'We're quite close to the house, dear,' said his mother, smiling at his pleasure. 'Prin will be all right. Granny will not let him go far alone, you may be sure.'
And as she said so, Prince, whose little smooth, jet-black body looked very funny in the snow, turned round after two or three sharp barks of welcome, and made for the house again.
'He's gone to tell them we're come,' said Denis; 'isn't he a sensible dog, Nettie? I don't think I love anybody better than Prin,' he said, ecstatically.
They were at the front door by this time, and there, a little way back in the shelter of the hall, for it was very cold, and she was no longer a young lady, stood dear Granny waiting to welcome them.
Granny, I must tell you, was not the children's grandmother, but the great-aunt of their mother. She seemed, therefore, a kind of great-grandmother to Denis and his brothers and sisters, and to have called her 'Aunt,' or anything else but 'Granny,' would have been impossible. She was old; very old, I daresay she seemed to the children, but yet there was a delightful sort of youngness about her, which made them feel as if they could tell her anything, with a certainty of being understood. And of all the children she loved and who loved her, I don't think any felt this beautiful sort of sympathy more than quiet little Denis. It was a long time—in child life a very long time—since he had seen her, six months ago, a tenth part of the whole time which Denis had spent in this world—but when he saw dear Granny standing there in the doorway, her sweet gentle old face all over smiles of pleasure, it seemed to him that he had never been away from her at all.

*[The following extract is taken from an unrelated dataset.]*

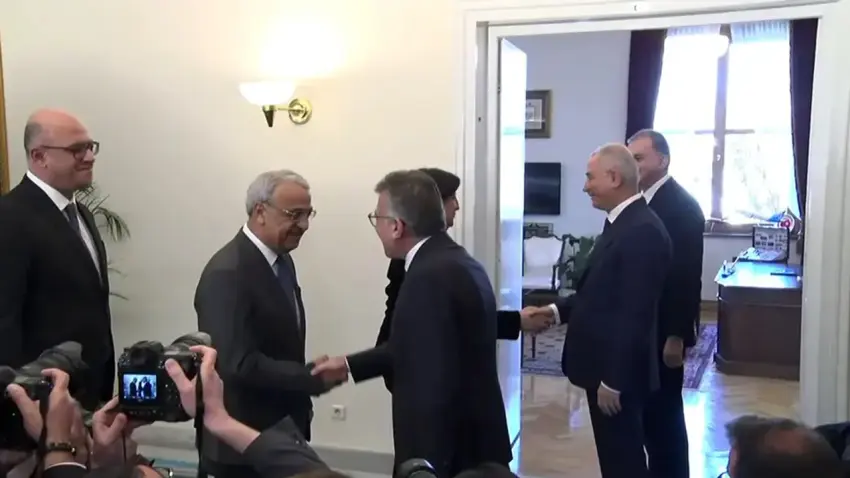 DEM Parti İmralı Heyeti AK Parti ile görüşüyor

'Dear Granny,' he said softly, when his turn came to be kissed, 'dear Granny, I do 'amember you so well—you and Prin;' and he was not at all offended when the others laughed at his funny little speech—a long speech for Den; he thought they were only laughing because they all felt so pleased to be back with Granny and Prin again.
'My dear little boy,' Granny said, as she kissed him, 'this is very sweet of you. And you may be sure Granny and Prin haven't forgotten you.'
And Denis, looking up, thought that Granny was the prettiest lady in the world, 'next to mother.' She was very pretty, at least in the sight of those who do not think beauty is only to be found in the bright eyes and fresh roses of youth. And, indeed, Granny's eyes were bright still, and when she was very pleased, or sometimes when she was very vexed—for Granny could be vexed when it was right she should be—her cheeks, soft and withered as they were, would grow rosy as when she was a girl. They were rosy just now, with pleasure, of course, and perhaps with a little tiredness; for there were a great many people staying in the house, and large as Granny's heart was, it was rather tiring to so old a lady to attend to so many guests.

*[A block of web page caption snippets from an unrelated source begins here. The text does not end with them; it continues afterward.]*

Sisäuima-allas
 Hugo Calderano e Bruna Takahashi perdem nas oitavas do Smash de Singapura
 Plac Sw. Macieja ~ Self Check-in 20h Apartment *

'I am so glad you have come, my dear,' she whispered to Denis's mother. 'You will help me better than anyone. It was right I think to fill the old house again this Christmas, but my heart fails me sometimes when I think of those who are no longer among us. And yet they are among us—just at these times, my dear, all the old faces seem to be smiling back at me, the last of the generation. The house seems filled with their presence to me as much as with the living friends who are about me.'
The children's mother pressed Granny's arm.